Besides no one else being willing and able to intervene, it will be pointed out that we have 50,000 troops across in Iraq who are leaving anyway and could just go rolling across the border. I strongly suspect that logistics will be far more complicated than “just go rolling across the border” implies, but I foresee the argument. We have three wars currently, more if you want to count whatever we’re doing in Yemen, Pakistan, Somalia, and maybe more. But let’s call it three for sure. Our engagement in Libya is quite small compared to Afghanistan and Iraq, and Gaddafi is expected to be defeated shortly, freeing up those resources.**
*Forgive the awkward asterisk construction, but I couldn’t find a less awkward rewrite. It started already. Using the “lead from behind” theme Republicans seem to have decided on as an attack, Michele Bachmann said Obama’s call for Assad to leave was too late. Never mind that, as pointed out above, Obama coordinated with the other governments that called on Assad to step down right after Obama did, but Bachmann is clueless about leadership that requires more than blathering to friendly interviewers.

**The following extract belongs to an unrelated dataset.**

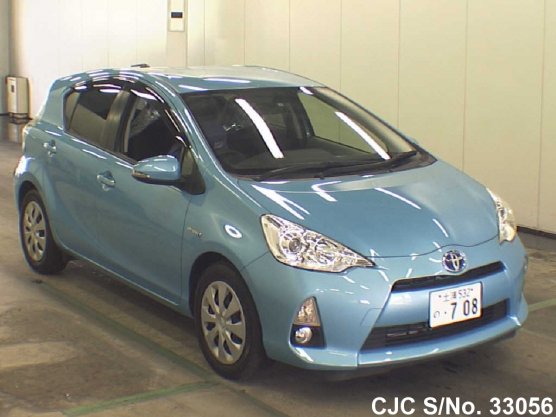 2013 Toyota / Aqua Stock No. 33056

**Shortly appears to be down to hours, or down to already done, with the rising within Tripoli reducing Gaddafi’s control to just a few pockets. This means the military resources deployed to Libya are about to be freed up. That’s true for the Europeans too, but for those actively participating in the Libyan intervention, Libya is a lot closer than Syria. It’s hard to see either the Arab League or Security Council authorizing NATO intervention, and hard to see NATO doing it without Turkey being willing to carry much of the burden. That’s why I think the pressure for the outside world to act will fall mostly on us. On the other hand, if Turkey doesn’t want to intervene, it’s unlikely to let us use our bases in Turkey, which means Iraq could stop the whole idea if it refused to let Iraqi bases be used. It’s not at all clear Iraq would allow that. The temptation to remove a long time enemy of Iraq’s would be up against the large number of Iraqi refugees in Syria, would be would vulnerable to retaliation.